During a press call Tuesday morning to discuss oil and gas leasing in the Sand Flats Recreation Area that the Bureau of Land Management proposed after two parcels were anonymously nominated for development, Moab Mayor Emily Niehaus called on Utah Gov. Gary Herbert to oppose the proposed leases.

Herbert previously opposed oil and gas leasing proposed in Washington County, near Dinosaur National Monument and Zion National Park. Now, the BLM is considering two parcels in Sand Flats for similar development.

“My request today is actually one for our governor, Gary Herbert, that he will repeat the action he took … in Washington County and that he will support Moab City in the removal of parcels 11 and 12, protecting Moab’s precious drinking water and, for these two parcels, prioritizing the recreation economy over resource development,” Niehaus said.

In July 2017, when the BLM was considering to put three parcels near the national monument out to bid for oil and gas leasing, Herbert stepped in to voice his opposition.

“As the parcels are near the boundary of Dinosaur National Monument, the State wishes to ensure leasing of these parcels does not impact visual resources or cause light or sound disturbances within the national monument,” said Herbert at the time.

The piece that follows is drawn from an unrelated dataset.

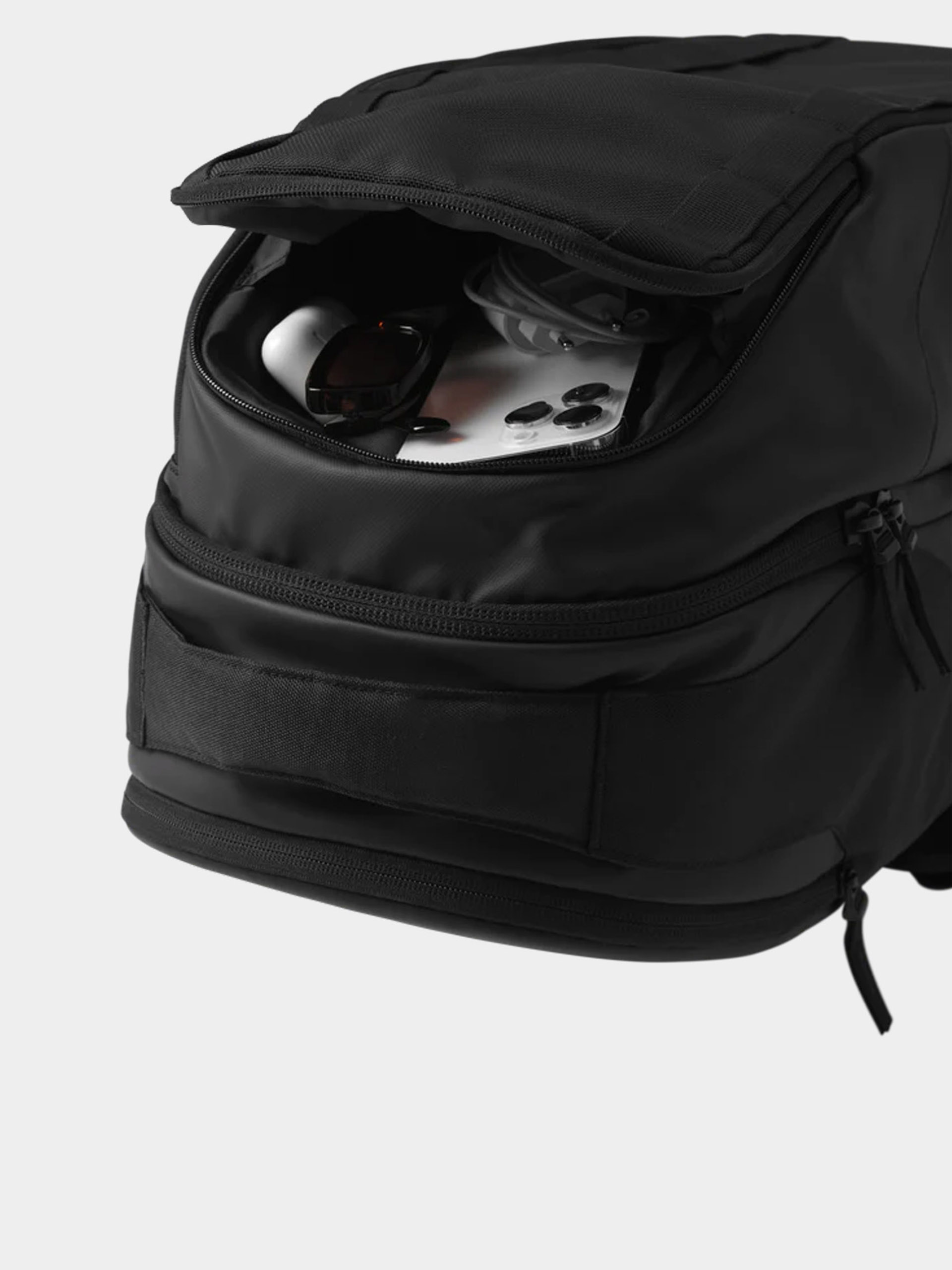 Рюкзак Db Skateboarding Pro Travel Pack 65L (black out)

Following opposition from Herbert and other state and local officials, the BLM withdrew, deferring action on the parcels in question indefinitely.

Now, Niehaus, faced with the prospect of parcels in Sand Flats going out to bid for oil and gas leasing, wants Herbert to repeat that opposition on Moab’s behalf.

Beyond a recreation resource being at risk, Niehaus and other officials said that the Moab Valley’s sole source aquifer — the area’s only source for drinking water — is also at risk. The parcels sit partially on top of the aquifer, raising fears among local officials about the prospect of water quality deterioration if the parcels are, in the end, drilled for oil and gas.

The potential success of drilling in Sand Flats for oil and gas, however, is dubious. A well drilled in 1971 less than a mile from one of the parcels, the easternmost of the two, came up dry, according to state data. Such has been the case for each of the 20 other wells nearest the two parcels, all within roughly 6 miles of the proposed sites.

Beyond the lack of potential for drawing any oil or gas from the ground underneath Sand Flats, there are also considerable physical limitations. The BLM forbids surface occupancy of drilling operations inside Sand Flats; that means anyone looking to extract from one or both sites would have to drill horizontally, underground, from outside the recreation area to access the parcels.

Grand County Council Chair Mary McGann was also on the conference call Tuesday morning. When a reporter from The Hill asked participants on the call whether they were considering legal action in the matter, McGann said that it was one option on the table.

“Yes, we would consider that if need be, but hopefully they do what is right and remove those parcels,” McGann said.